Shortly after seeing Jeff Daniels perform at the Chelsea Alehouse, we had the opportunity to chat with him about playing at the Alehouse, his music, and Michigan.

Jeff Daniels and the Chelsea Alehouse

Jeff Daniels @ Chelsea Alehouse

Jeff Daniels @ Chelsea Alehouse

Our friends at the Chelsea Alehouse have been hosting solo acoustic nights with Jeff Daniels. Many people know Jeff Daniels from the movies, yet aren’t aware that he is an accomplished singer/song writer. Not only is Jeff Daniels a fine actor and musician, he is an advocate for Chelsea and Michigan. He is more than happy to help promote the music scene that venues like the Chelsea Alehouse are growing in their city. 

Aubrey Martinson (co-owner of the Chelsea Alehouse with her husband/brewer Chris Martinson) wanted to share a bit of the magic behind the shows with Jeff Daniels. She asked if Jeff would be willing to do an interview with Life In Michigan. To say we were thrilled is an understatement! Jeff graciously invited Chuck over to 2188 Studio which he and his sons operate. The following is a recording of our chat with Jeff Daniels as well as a transcribed version for your reading enjoyment.

Chatting with Jeff Daniels
 

This is Chuck Marshall and I’m with Life in Michigan and I’m talking to Jeff Daniels.
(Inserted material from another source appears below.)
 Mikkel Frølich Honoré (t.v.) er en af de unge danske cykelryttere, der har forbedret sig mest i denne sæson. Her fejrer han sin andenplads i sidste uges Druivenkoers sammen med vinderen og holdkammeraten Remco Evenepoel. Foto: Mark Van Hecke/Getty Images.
Jeff how are you?

Jeff Daniels: Good

Life In Michigan: So you recently did a couple shows over at the Chelsea Alehouse. How did that come about?
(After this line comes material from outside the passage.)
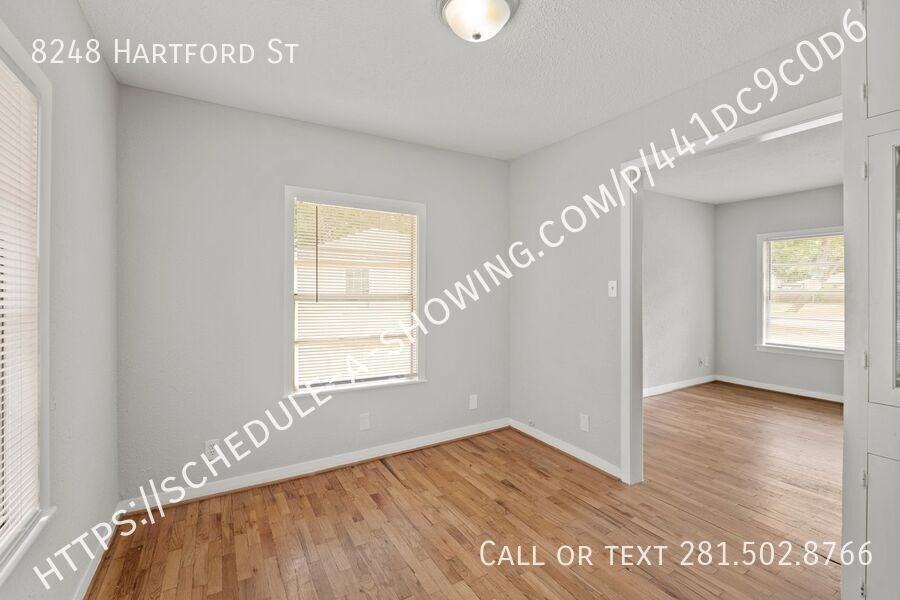 8248 Hartford St - Photo 2 of 10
JD: I’ve known Aubrey for quite a while when she was the CCA here in Chelsea. I like what they were doing and live music in Chelsea. I mean, Ann Arbor’s got it; but you can see people trying to create that scene. She’s one of them.

Ben’s band, my son’s band had played there. You know some great artists there like, I don’t know all of them, but Jason Dennie; I’m a disciple of his playing and Jason’s played there. So it’s like, you know, how can I help? So by coming in there and playing a few nights in and just to see.

What triggered it was Woody Allen in my in New York. When he is in New York, he’s got a little Dixieland quartet or something that he plays with at a place called Michael’s Pub on the east side of New York City. He comes in on Monday nights. Doesn’t talk to anybody. The quartet comes in. They play for whatever an hour and a half and then they leave. It’s just Woody playing live and keeping his chops up. He chose Michael’s pub because it’s around the corner from his apartment.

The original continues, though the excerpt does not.